A Kotlin project which extracts ngram counts from Wikipedia data dumps.
Download the latest jar from releases.
You can also clone the repository and build with maven:
$ git clone https://github.com/TomerAberbach/wikipedia-ngrams.git
$ cd wikipedia-ngrams
$ mvn package
A fat jar called wikipedia-ngrams-VERSION-jar-with-dependencies.jar
will be in a newly created target
directory.
DISCLAIMER: Many of these commands will take a very long time to run.
Download the latest Wikipedia data dump using wget
:
$ wget -np -nd -c -A 7z https://dumps.wikimedia.org/metawiki/latest/metawiki-latest-pages-meta-current.xml.bz2
Or using axel
:
$ axel --num-connections=3 https://dumps.wikimedia.org/metawiki/latest/metawiki-latest-pages-meta-current.xml.bz2
To speed up the download you should replace https://dumps.wikimedia.org
with the mirror closest to you.
Once downloaded, extract the zipped data using a tool like lbzip2
and feed the resulting enwiki-latest-pages-articles.xml
file into WikiExtractor:
$ python3 WikiExtractor.py --no_templates --json enwiki-latest-pages-articles.xml
This will output a large directory structure with root directory text
.
Finally, run wikipedia-ngrams.jar
with the desired ngram "n" (2 in this example) and the path to directory output of WikiExtractor:
$ java -jar wikipedia-ngrams.jar 2 text
Note that you may need to increase the maximum heap size and/or disable GC overhead limit.
contexts.txt
and 2-grams.txt
files will be in an out
directory. contexts.txt
caches the "sentences" in the Wikipedia data dump.

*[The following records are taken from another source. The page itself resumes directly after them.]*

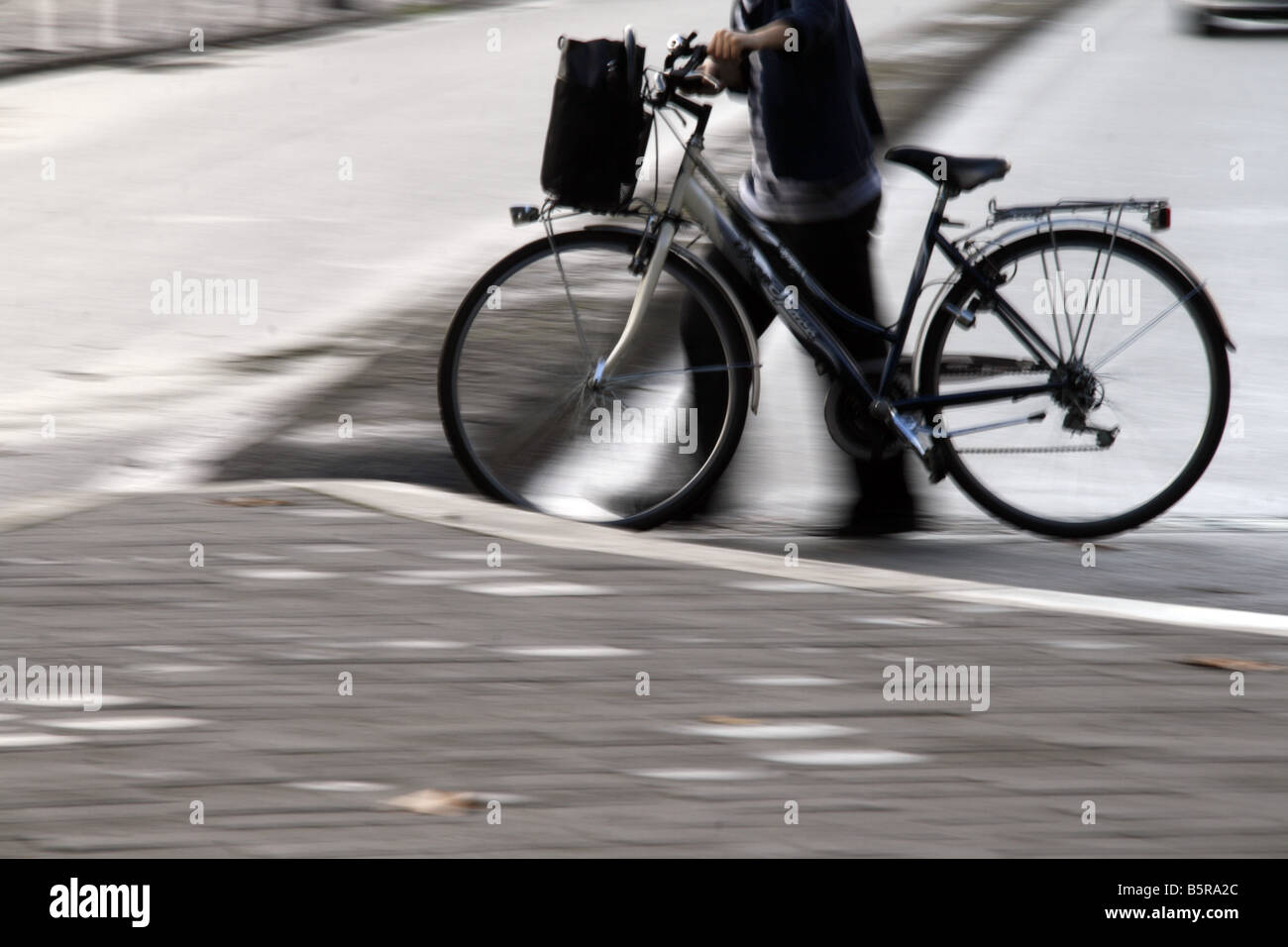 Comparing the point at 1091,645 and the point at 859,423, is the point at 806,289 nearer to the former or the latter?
the point at 859,423

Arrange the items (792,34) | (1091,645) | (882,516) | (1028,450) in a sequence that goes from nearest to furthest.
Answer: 1. (1091,645)
2. (792,34)
3. (1028,450)
4. (882,516)

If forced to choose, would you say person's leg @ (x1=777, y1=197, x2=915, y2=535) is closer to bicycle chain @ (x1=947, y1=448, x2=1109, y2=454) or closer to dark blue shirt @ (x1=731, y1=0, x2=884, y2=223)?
dark blue shirt @ (x1=731, y1=0, x2=884, y2=223)

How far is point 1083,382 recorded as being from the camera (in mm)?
5129

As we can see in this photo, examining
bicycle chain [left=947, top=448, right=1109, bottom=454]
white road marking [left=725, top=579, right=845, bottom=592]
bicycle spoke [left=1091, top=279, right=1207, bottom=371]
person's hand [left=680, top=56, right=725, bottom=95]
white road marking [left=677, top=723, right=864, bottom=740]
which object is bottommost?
white road marking [left=677, top=723, right=864, bottom=740]

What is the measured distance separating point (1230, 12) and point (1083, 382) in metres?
15.8

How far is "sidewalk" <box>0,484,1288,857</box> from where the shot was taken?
313 cm

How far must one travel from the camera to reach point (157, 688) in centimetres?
379

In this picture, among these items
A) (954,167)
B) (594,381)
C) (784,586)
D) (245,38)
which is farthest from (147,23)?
(784,586)

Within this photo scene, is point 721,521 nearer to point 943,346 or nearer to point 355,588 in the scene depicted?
point 943,346

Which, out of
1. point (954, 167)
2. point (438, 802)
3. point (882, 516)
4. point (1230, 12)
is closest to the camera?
point (438, 802)

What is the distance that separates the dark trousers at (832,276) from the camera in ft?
16.7

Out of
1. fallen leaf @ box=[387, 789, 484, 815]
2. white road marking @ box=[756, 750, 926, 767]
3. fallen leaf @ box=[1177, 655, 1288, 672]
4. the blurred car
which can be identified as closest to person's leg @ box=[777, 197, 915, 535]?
fallen leaf @ box=[1177, 655, 1288, 672]

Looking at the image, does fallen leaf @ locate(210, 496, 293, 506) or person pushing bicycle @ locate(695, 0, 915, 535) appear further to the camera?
fallen leaf @ locate(210, 496, 293, 506)

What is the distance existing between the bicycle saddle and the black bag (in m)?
0.69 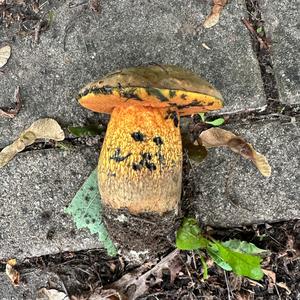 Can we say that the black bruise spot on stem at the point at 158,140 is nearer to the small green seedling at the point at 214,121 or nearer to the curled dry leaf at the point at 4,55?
the small green seedling at the point at 214,121

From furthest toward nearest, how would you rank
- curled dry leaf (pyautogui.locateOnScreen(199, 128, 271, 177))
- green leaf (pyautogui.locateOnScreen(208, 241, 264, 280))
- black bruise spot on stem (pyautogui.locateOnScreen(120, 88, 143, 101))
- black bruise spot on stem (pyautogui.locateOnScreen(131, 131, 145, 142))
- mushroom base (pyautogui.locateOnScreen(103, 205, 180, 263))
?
curled dry leaf (pyautogui.locateOnScreen(199, 128, 271, 177))
green leaf (pyautogui.locateOnScreen(208, 241, 264, 280))
mushroom base (pyautogui.locateOnScreen(103, 205, 180, 263))
black bruise spot on stem (pyautogui.locateOnScreen(131, 131, 145, 142))
black bruise spot on stem (pyautogui.locateOnScreen(120, 88, 143, 101))

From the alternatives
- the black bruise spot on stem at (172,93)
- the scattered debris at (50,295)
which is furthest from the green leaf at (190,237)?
the black bruise spot on stem at (172,93)

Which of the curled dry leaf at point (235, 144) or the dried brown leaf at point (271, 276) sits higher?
the curled dry leaf at point (235, 144)

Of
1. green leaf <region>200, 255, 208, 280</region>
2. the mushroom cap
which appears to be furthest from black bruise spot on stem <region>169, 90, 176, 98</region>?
green leaf <region>200, 255, 208, 280</region>

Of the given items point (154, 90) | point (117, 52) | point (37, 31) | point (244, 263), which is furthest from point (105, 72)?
point (244, 263)

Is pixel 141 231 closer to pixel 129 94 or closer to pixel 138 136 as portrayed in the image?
pixel 138 136

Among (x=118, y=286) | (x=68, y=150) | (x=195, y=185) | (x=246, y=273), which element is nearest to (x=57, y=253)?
(x=118, y=286)

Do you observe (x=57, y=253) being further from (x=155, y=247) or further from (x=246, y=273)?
(x=246, y=273)

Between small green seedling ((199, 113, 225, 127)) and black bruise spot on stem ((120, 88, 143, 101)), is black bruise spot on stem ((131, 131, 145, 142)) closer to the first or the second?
black bruise spot on stem ((120, 88, 143, 101)) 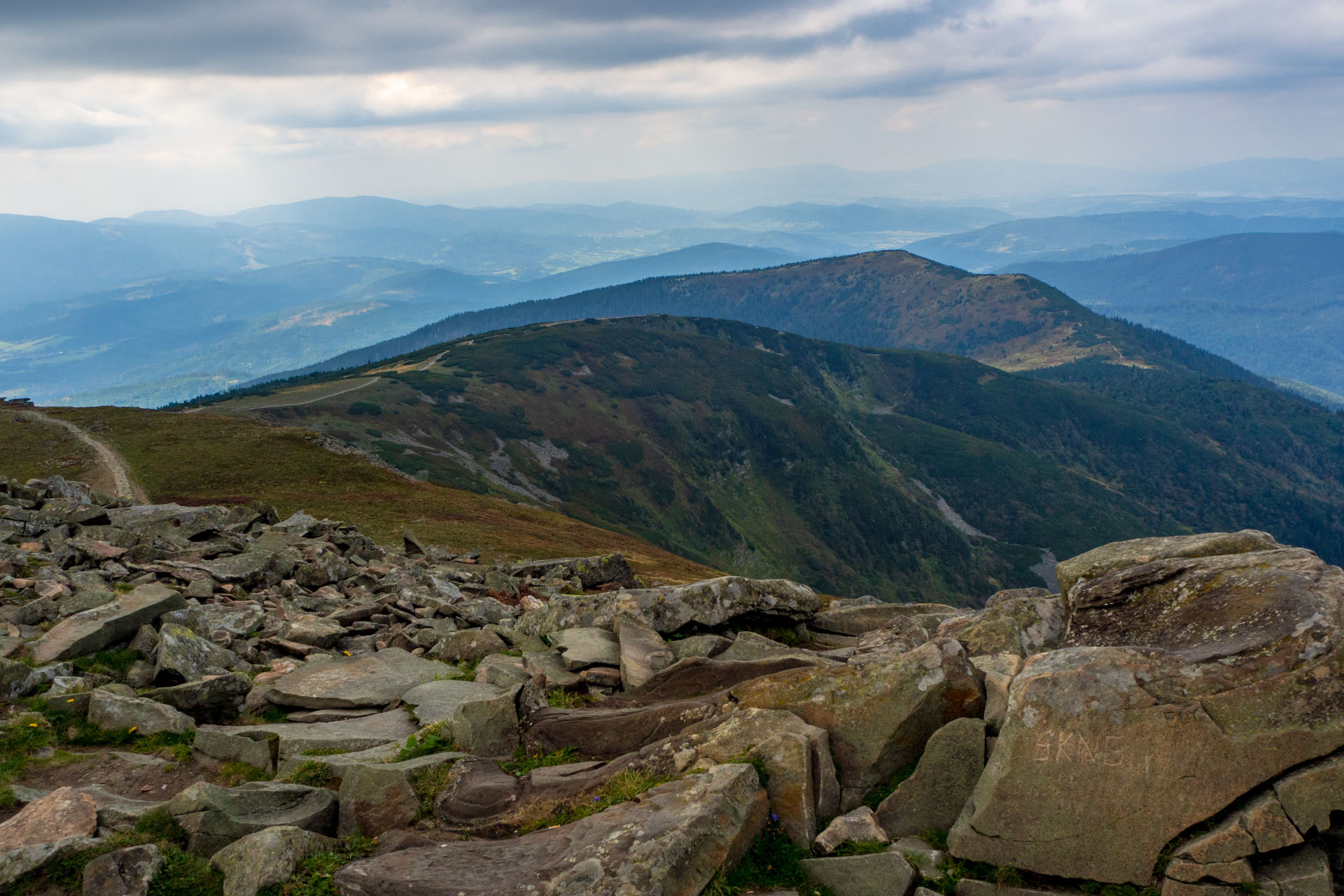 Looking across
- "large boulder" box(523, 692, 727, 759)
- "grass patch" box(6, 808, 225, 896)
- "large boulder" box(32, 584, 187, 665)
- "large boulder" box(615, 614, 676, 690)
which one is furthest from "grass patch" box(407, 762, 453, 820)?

To use this cache in your next run (with n = 3 for example), run the following command:
$ java -jar wikipedia-ngrams.jar 3 out/contexts.txt
The outputted files will not be sorted. Use a command-line tool like sort
to do so.
Note that OutOfMemoryError
is not a legitimate issue. The burden is on the user to allocate enough heap space and have a large enough RAM (consider allocating a larger swap file).